E(X_n)=E\left( \sum_{i=1}^nY_i\right)=\sum_{i=1}^n E Y_i=n E Y_1=n\frac{1}{n}=1,

(7)

\begin{align} Var\left( X_n\right) &= Var\left( \sum_{i=1}^nY_i\right) =\sum_{i=1}^n Var(Y_i)+\sum_{i\ne j}Cov(Y_i,Y_j) \nonumber \newline &= nVar(Y_1)+n(n-1)Cov(Y_1,Y_2) \nonumber \newline &= n\frac{n-1}{n^2}+n(n-1)\frac{1}{n^2(n-1)}=1. \nonumber \end{align}

Surprisingly, both the mean and the variance of $X_n$ is 1, which suggests that we can predict $X_n$ , i.e. the number of integers that have the same position as their original position very well.

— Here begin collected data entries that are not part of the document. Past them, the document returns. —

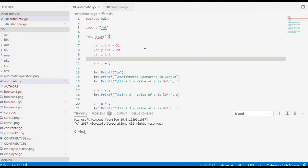Good day everyone, this is your friend Jake, and in this tutorial video I will teach you how to create arithmetic operators in Go or Golang programming language.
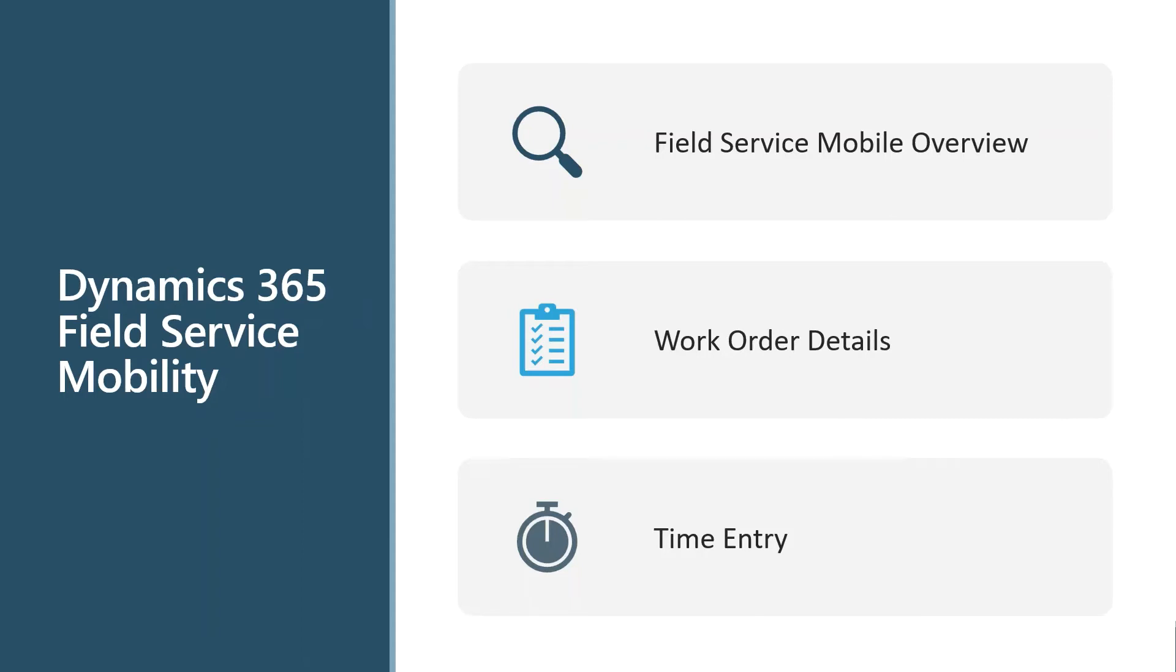So I want to talk through the mobile app and some of the capabilities there. Nothing too crazy, I will say that, but just kind of an overview.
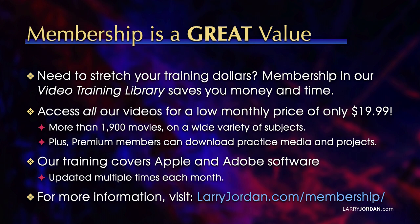Plus, premium members can download practice media and projects. Our training covers Apple and Adobe software. We update it multiple times each month. And for more information, visit LarryJordan.com slash membership.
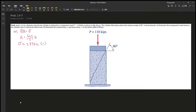For problem 2.9-7, it says a 6-inch diameter concrete test cylinder is subjected to a compressive load P equals 110 kips, as shown in the figure. The cylinder fails along the plane that makes an angle of 60 degrees to the horizontal. Part A: determine the compressive axial stress in the cylinder when it reaches failure load. Part B: determine the normal stress and shear stress on the failure plane at failure.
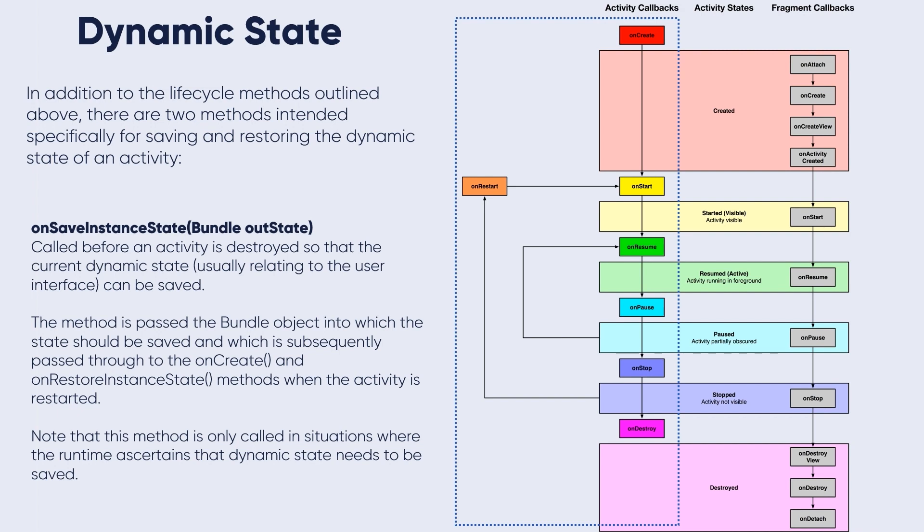This is a very important method - onSaveInstanceState - that we work with while retrieving the bundle and saving the state while orientation configuration has been changed. Note that this method is only called in situations where the runtime ascertains that dynamic state needs to be saved.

The above solution is elegant. However, I’d like to try to solve this problem using my preferred universal procedure. Let $Y_i$ and $X_i$ , $1\le i \le n$ , be as defined above. Conditioning $X_n$ on $Y_1$ gives us a recursive/differtial equation. If $Y_1=1$ (with probability $\frac{1}{n}$ ), i.e., the first passenger sits on its seat, then $X_n = 1 + X_{n-1}$ ; It’s a little tricky when $Y_1=0$ (with probability $1-\frac{1}{n}$ ), i.e., the first passenger sits on other people’s seat. Assume the first passenger takes $k^{th}$ ( $2\le k\le n$ ) passenger’s seat. If we pretend that seat 1 is the $k^{th}$ passenger’s seat, then we have $X_n = X_{n-1}$ . However, seat 1 is not $k^{th}$ passenger’s seat, and we cannot count it into $X_{n-1}$ . Let $E_k\equiv I(\text{passenger } k \text{ sits on seat 1})$ . We only miss count $X_{n-1}$ by extra 1 when $E_k=1$ , so when $Y_1=0$ we have $ $X_n = X_{n-1} - E_k.$ $It's easy to see that$ E_k\sim\text{Bernoulli}(\frac{1}{n-1})$. So using the conditional expectation formula, we have

\begin{align} EX_n &= E(E(X_n|Y_1))\nonumber\newline &= E\left(\frac{1}{n}(1 + X_{n-1}) + (1-\frac{1}{n}) (X_{n-1} - E_k)\right)\nonumber\newline &=EX_{n-1}, \end{align}

(8)

where $EX_1=1$ . This is the simplest recursive/differential equation. Anyone can immediately see that $EX_n=1, \forall n\ge1$ is the solution to this recursive/differential equation.